Toward Automated DNS Tampering Detection Using Machine Learning

Publication
The 2024 Workshop on Free and Open Communications on the Internet

Abstract:

DNS manipulation is one of the most prevalent and effective techniques for censoring Internet access and interfering with users’ online activities worldwide. Reliable detection of DNS tampering is crucial, but challenging due to evolving censorship tactics and the lack of complete ground truth data. In this paper, we demonstrate the power of machine learning (ML) in addressing these challenges by applying supervised and unsupervised models to recent global DNS measurement data collected by the Open Observatory of Network Interference (OONI). Our models achieve high accuracy in learning expert-defined heuristics for DNS tampering and uncovering new manipulation instances missed by rule-based approaches.

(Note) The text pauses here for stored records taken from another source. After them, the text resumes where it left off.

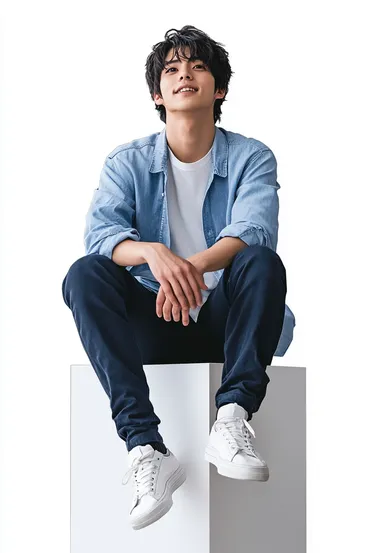 Photo of a young Japanese man in a blue shirt, navy pants and sneakers sitting relaxed on the edge of a white cube, face turned to the side, smiling, transparent background, PNG format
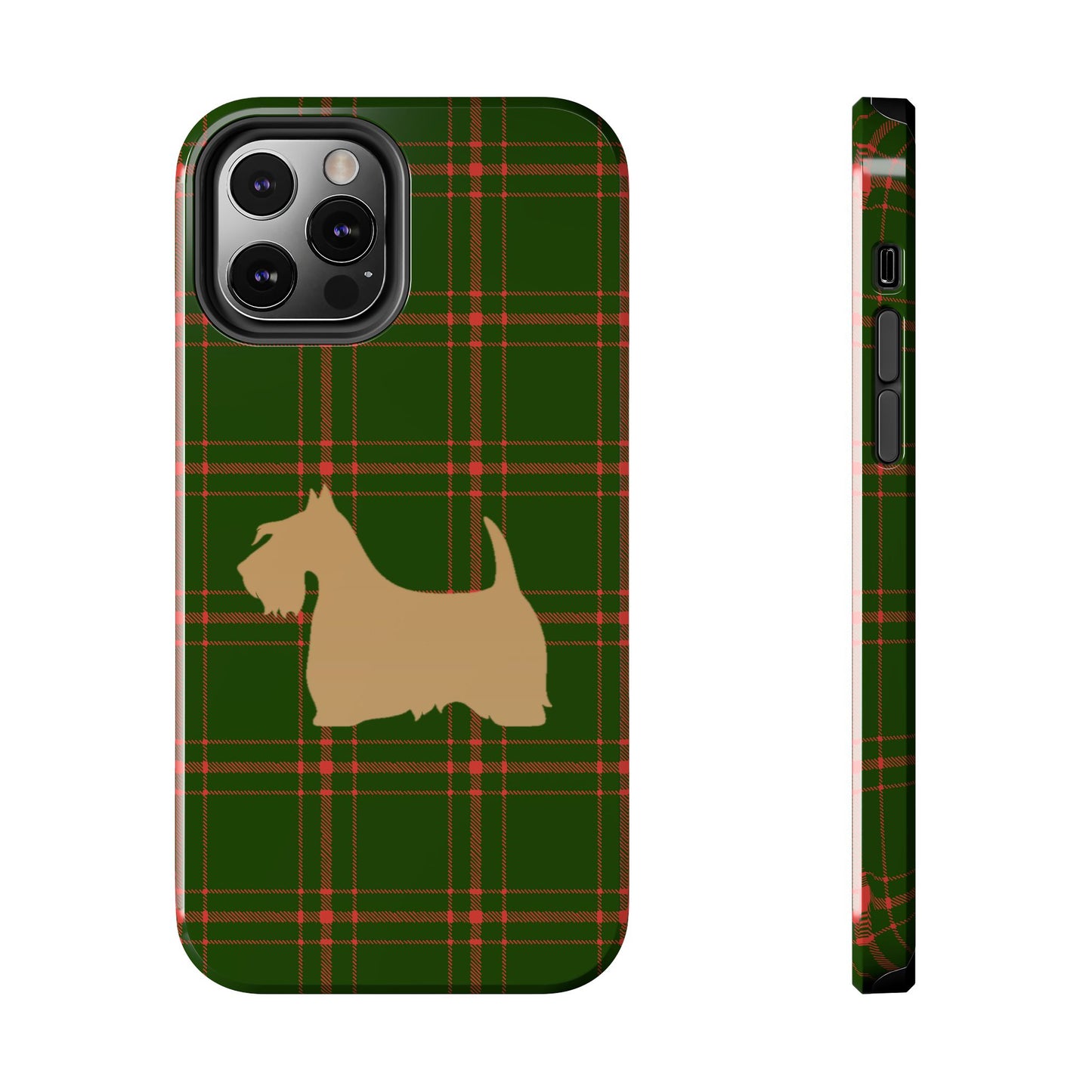 Scottish Terrier Phone Case, Tough Cases, Scottie Dog Phone Cover, Gift for Dog Lovers, Plaid Design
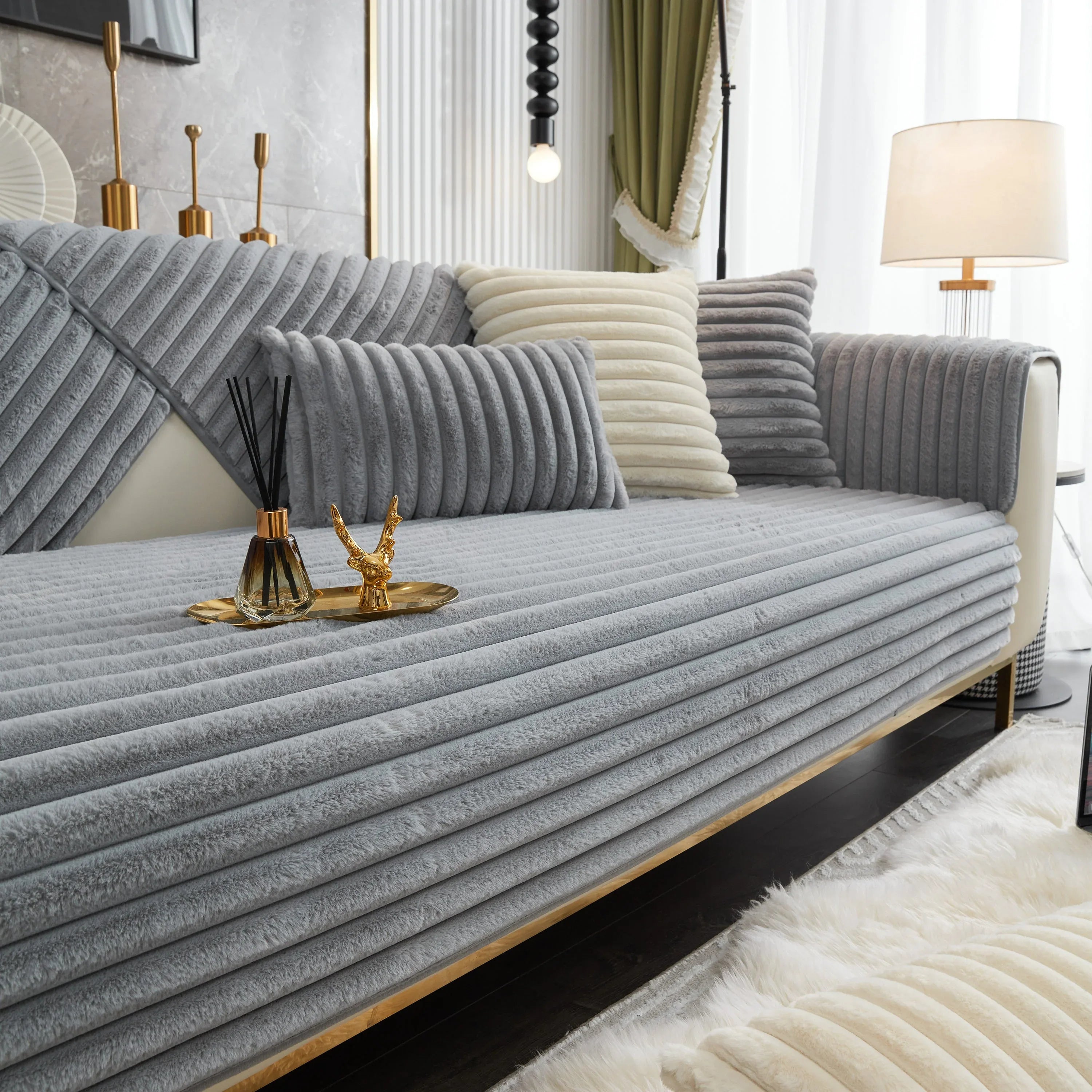 Winter Thickened Rabbit Plush Non-slip Sofa Cushion, Faux Fur Fluffy Furniture Protector - TaroTextile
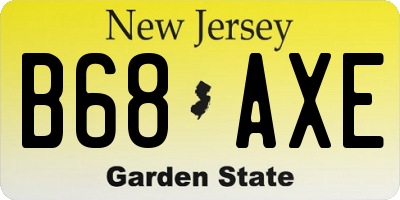 NJ license plate B68AXE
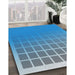 Patterned Blue Abstract Machine Washable Rug in a Family Room, wshpat1656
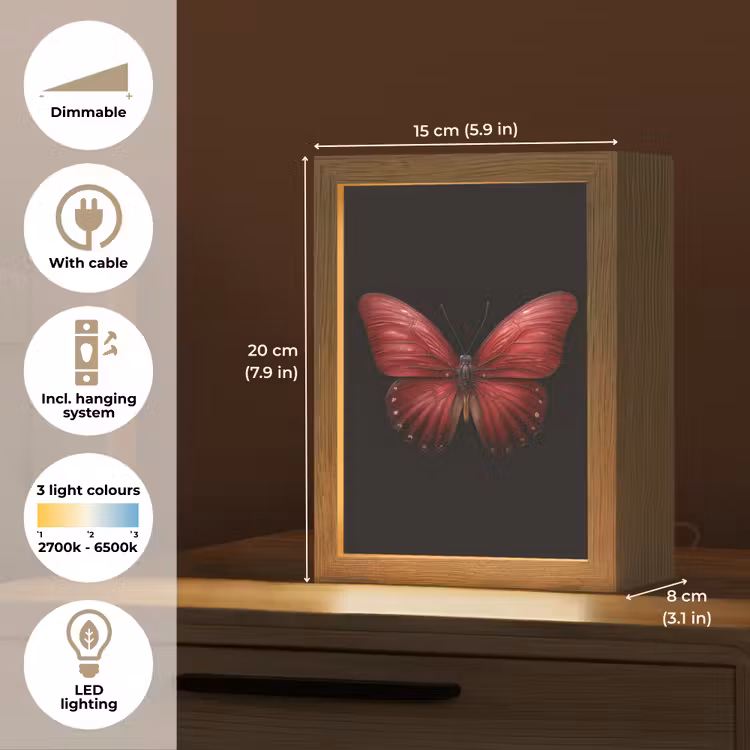 Vlinder - Rood - Minimalistisch Light Box met kabel (Tafellamp) klein -USP_EN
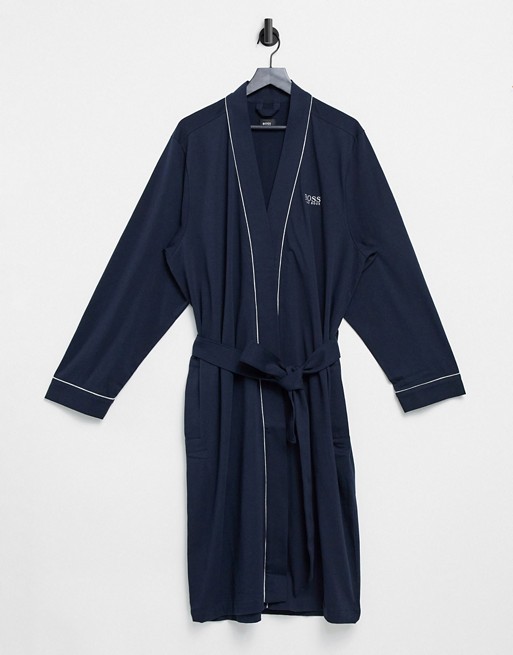 BOSS Bodywear logo kimono robe in navy
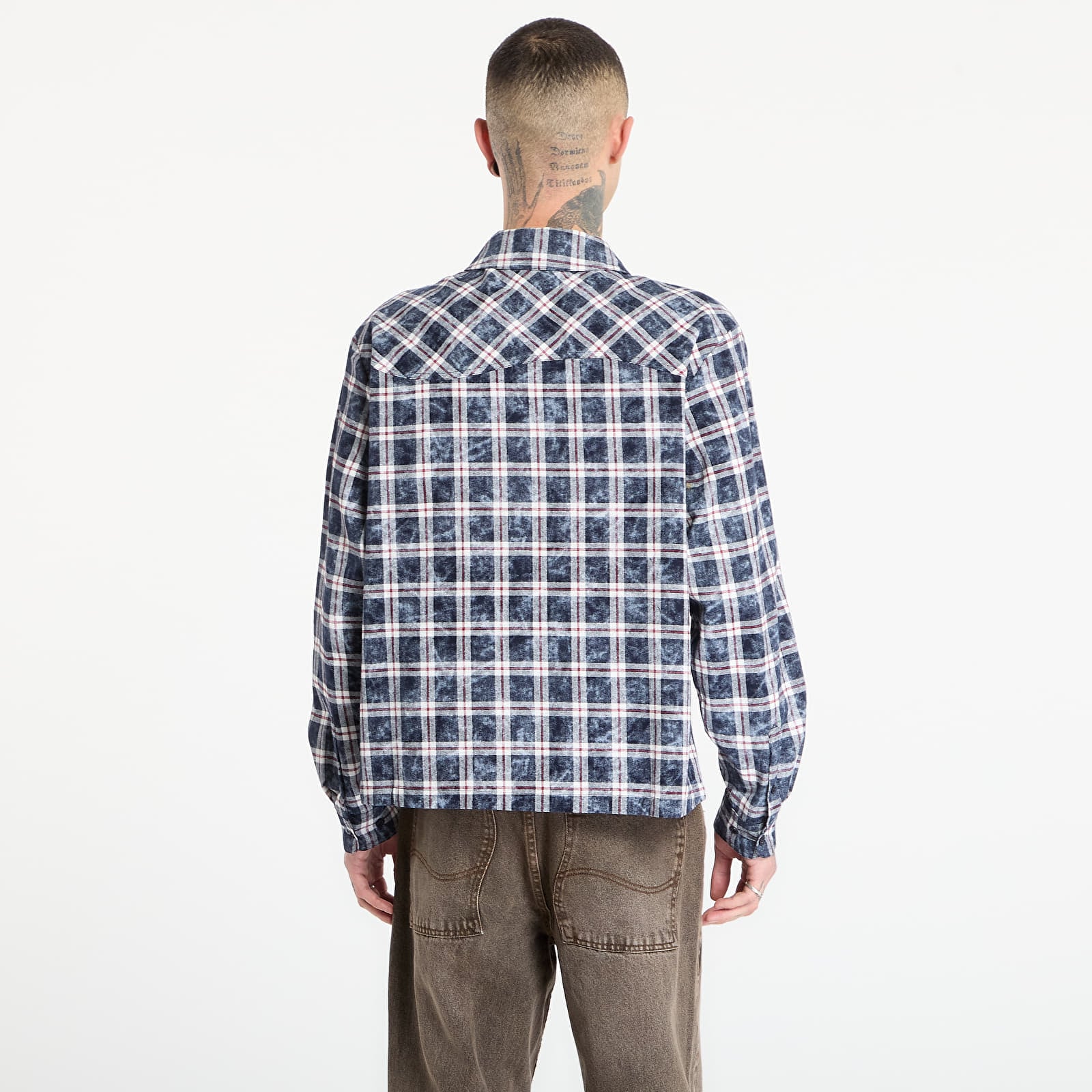 Πουκάμισα DIME Plaid Flannel Shirt UNISEX Bleached Navy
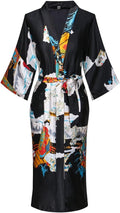Valennia Women Long Silky Bathrobe Satin Kimono Robe Floral Printed Dressing Gown Sleepwear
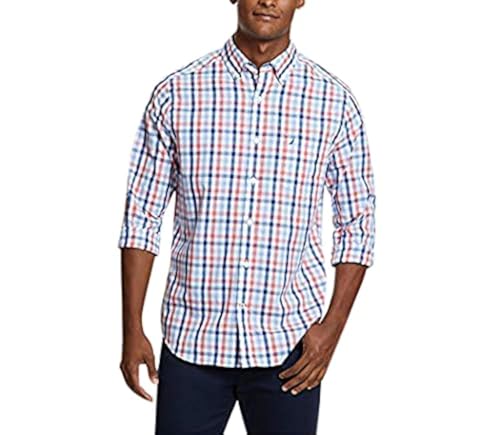 Nautica Herren Wrinkle Resistant Long Sleeve Front Shirt Hemd mit Button-Down-Kragen, Dreamy Coral, Groß von Nautica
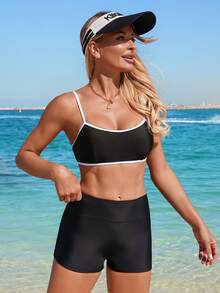 Swim SPRTY Women's Contrast Trim Spaghetti Strap Bikini Top - Black - View 1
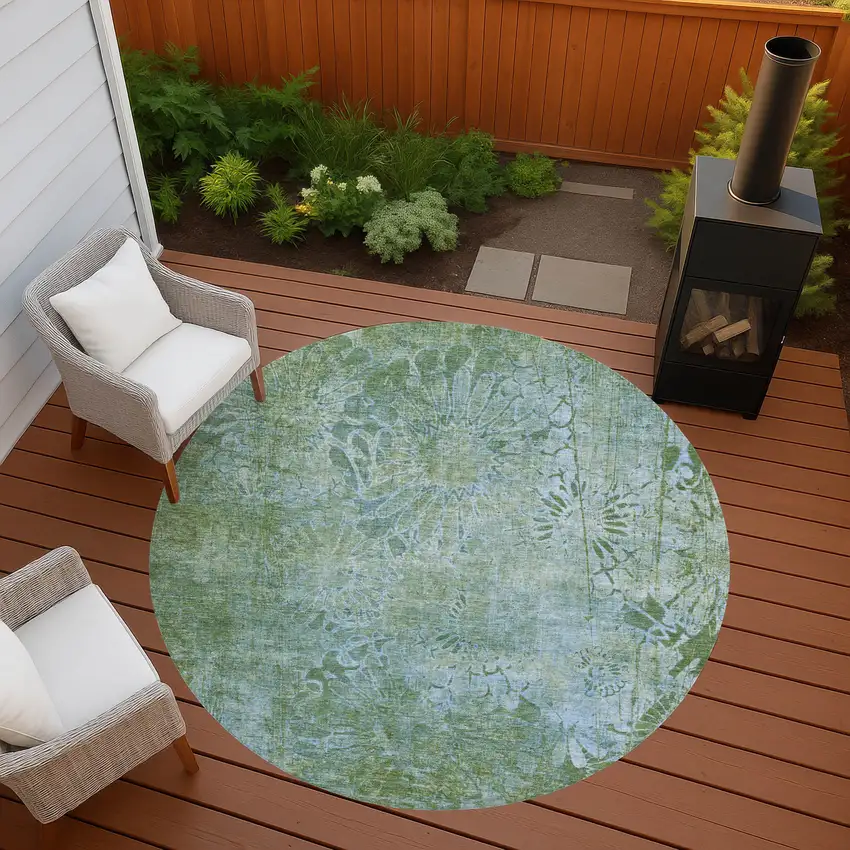 8' Artichoke Green And Ivory Round Floral Washable Indoor Outdoor Area Rug Photo 7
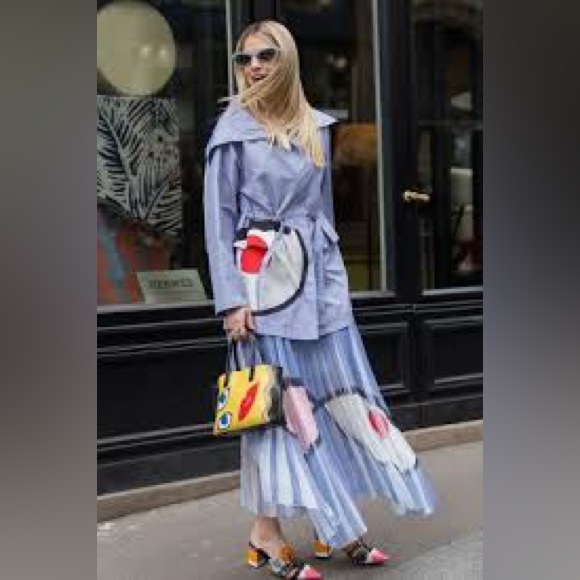 Akris Jackets & Blazers - Akris-Valdemar Wink Print Taffeta Parka Jacket Periwinkle Blue Multi Size 12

Through an extensive analysis evaluating different training data volumes and time windows from one to 24 months, we provide key insights into how the quantity and diversity of data, as well as evolving censorship behaviors, impact model performance over time. Remarkably, our ML detector can enhance traditional heuristics by accurately identifying DNS fingerprints with high confidence. These findings underscore the effectiveness of ML techniques in detecting global DNS manipulation at scale while adapting to emerging censorship tactics.

To foster future research, we will release our regularly updated models, enabling the development of robust, sustainable censorship detection systems capable of withstanding the dynamic landscape of Internet censorship worldwide. Our work paves the way for more proactive interventions that safeguard Internet freedom globally.